COM “UM BEIJO ROUBADO”, KAR WAI COMPROVA A UNIVERSALIDADE DA LINGUAGEM DO CINEMA

Às vezes, a globalização dá certo. “Um Beijo Roubado”, por exemplo, é um filme falado em inglês, estrelado por atores norte-americanos e britânicos, rodado nos EUA, dirigido por um chinês e co-produzido por Hong Kong, China e França. E o resultado é belíssimo!

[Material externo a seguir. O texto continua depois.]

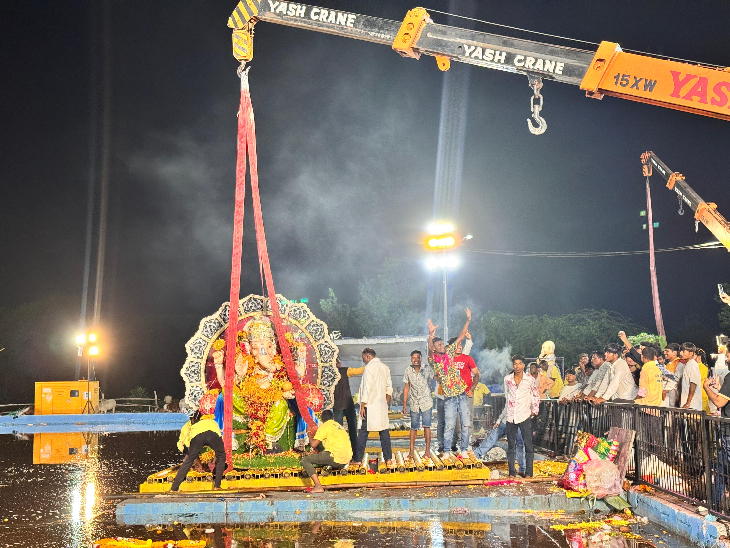 रायपुर के महादेव घाट में गणेश प्रतिमाओं का विसर्जन किया गया।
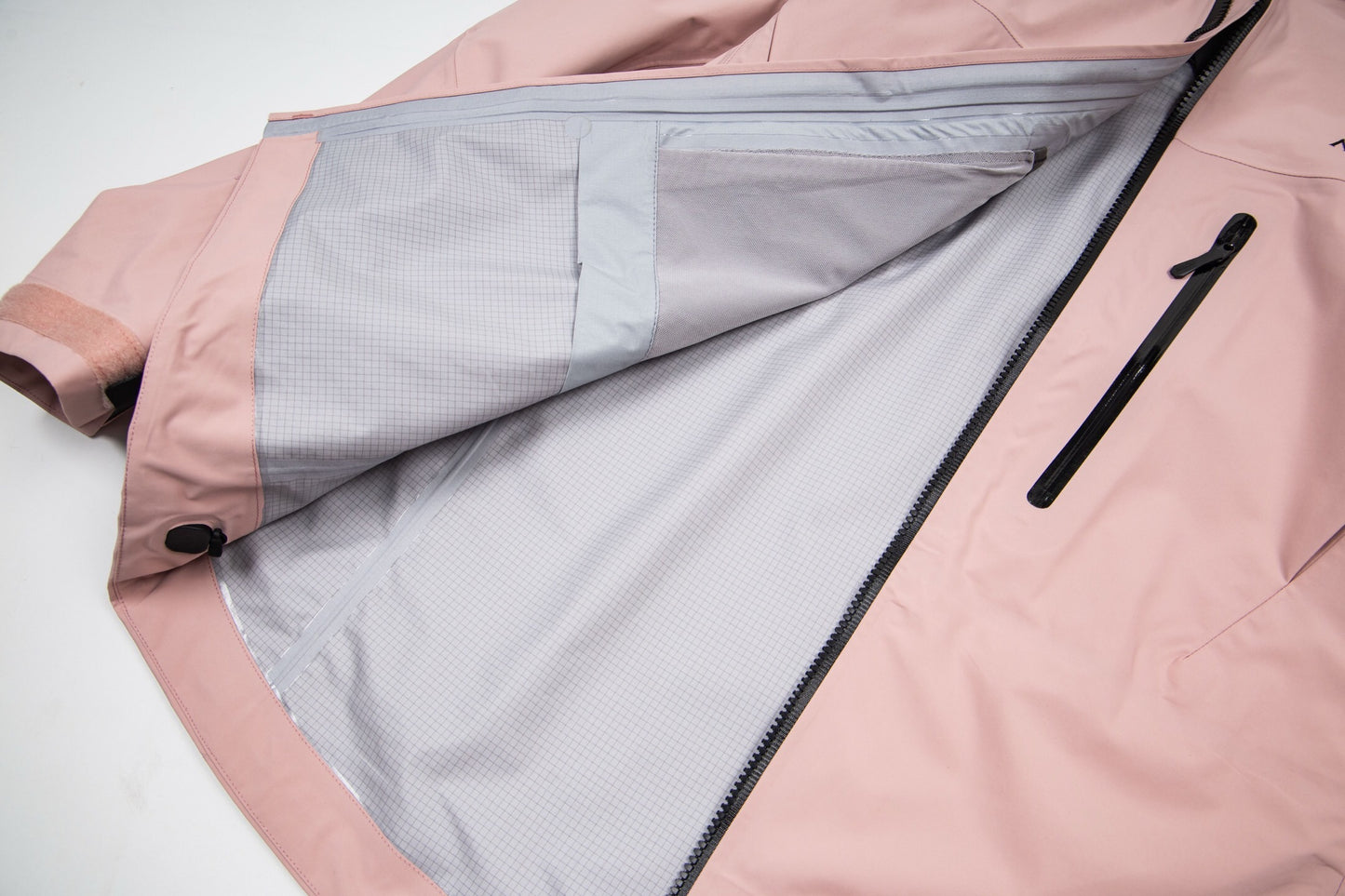 Arc'teryx Alpha SV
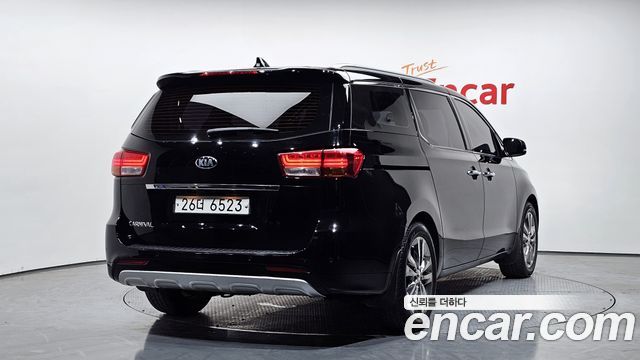 Kia Carnival из Кореи Encar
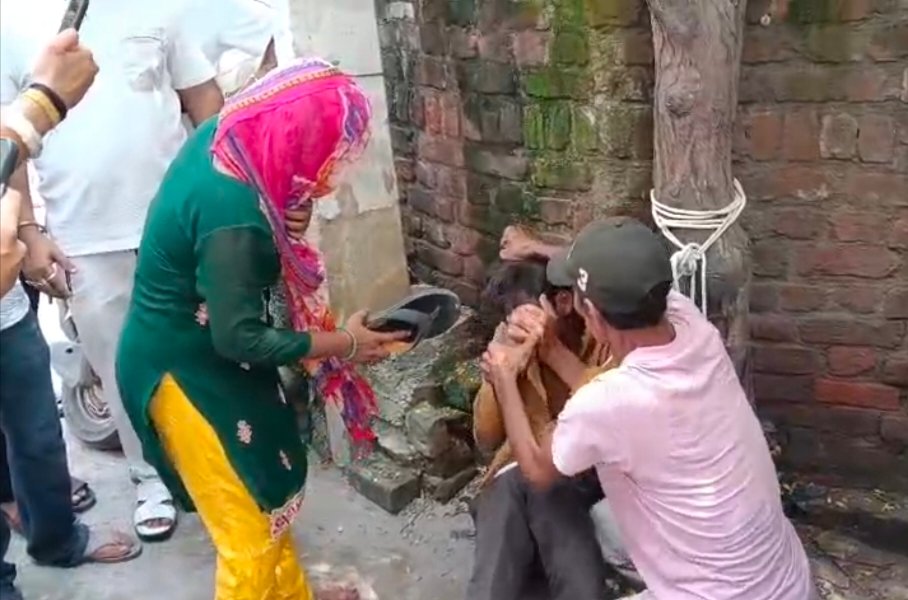 इस इलाके में चार साल की बच्ची को अगवा करने की कोशिश, लोगों ने पकड़ कर पीटा  किया पुलिस के हवाले   पढ़ें पूरी खबर 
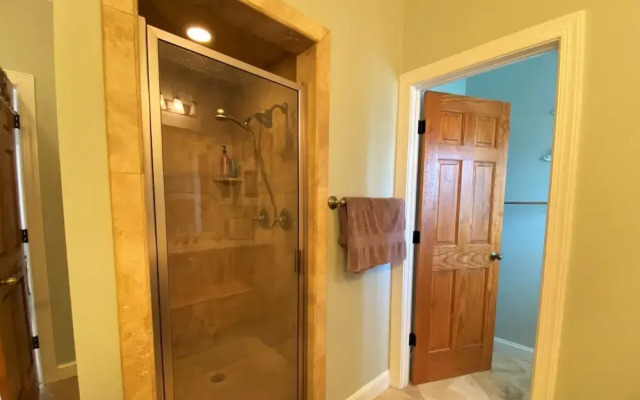 The Salty Sol 6 Bedroom Home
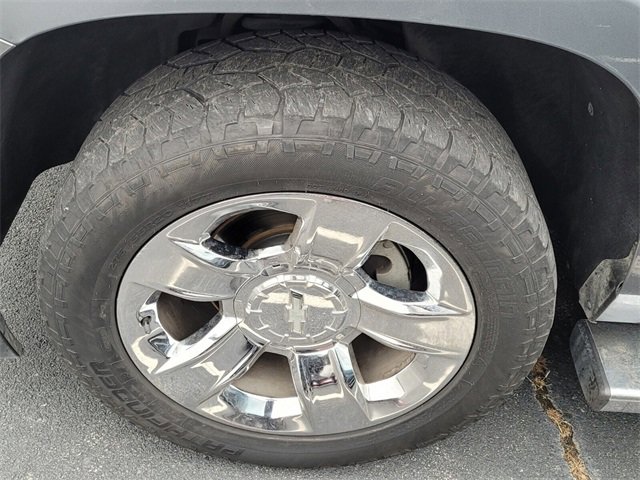 Used 2019 Chevrolet Suburban LT w/ LT Signature Package image 7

Jeremy (Jude Law) é o proprietário/balconista de um pequeno bar/restaurante situado em Nova York. Ele conhece seus fregueses pelos pratos que pedem, nunca pelos seus nomes. Para ele, o cliente se chama “Sr. Costeleta de Porco com Cebola” e assim por diante. Certa noite, cruza pelo caminho (e pelo bar) de Jeremy a angustiada figura de Elizabeth, personagem vivida pela cantora Norah Jones, estrelando otimamente como atriz. A garota está abalada pela notícia de que acabou de ser dispensada pelo namorado. Como o boteco de Jeremy era uma espécie de ponto de encontro entre ela e o “ex”, Elizabeth acaba chorando suas magoas no ombro amigo do simpático dublê de bartender. Nasce entre ambos uma bela relação de amizade, amor e cumplicidade. E não pense que o que virá daí para frente será fácil de prever. Afinal, trata-se de um filme escrito e dirigido por Wong Kar Wai, o mesmo de “Amor à Flor da Pele”, “2046” e “Felizes Juntos”, entre outros.

“Um Beijo Roubado” propõe uma interessante e diferente estrutura narrativa para contar sua história de amor. Jeremy é um personagem que pode ser considerado uma “âncora”, um tipo de “porto seguro” que certa vez deixou a Inglaterra para se estabelecer em Nova York, e lá se fixou com unhas e dentes para não mais sair. Quando pequeno, sua mãe o ensinou a não sair do lugar caso estivesse perdido, pois assim seria mais facilmente encontrado. E Jeremy quer ser encontrado.
Por outro lado, Elizabeth busca fugir de sua desilusão amorosa viajando milhares de quilômetros pelo interiorzão dos Estados Unidos, trabalhando dia e noite para driblar a insônia. Faz questão de escrever longas cartas ao amigo Jeremy, porém sem nunca colocar o remetente. Em sua fuga de si mesma, no fundo ela quer se encontrar, e esta trajetória terá de ser cumprida em solidão.
Neste road movie de mão única – onde um viaja e o outro fica – haverá espaço para descobertas, buscas e amadurecimento.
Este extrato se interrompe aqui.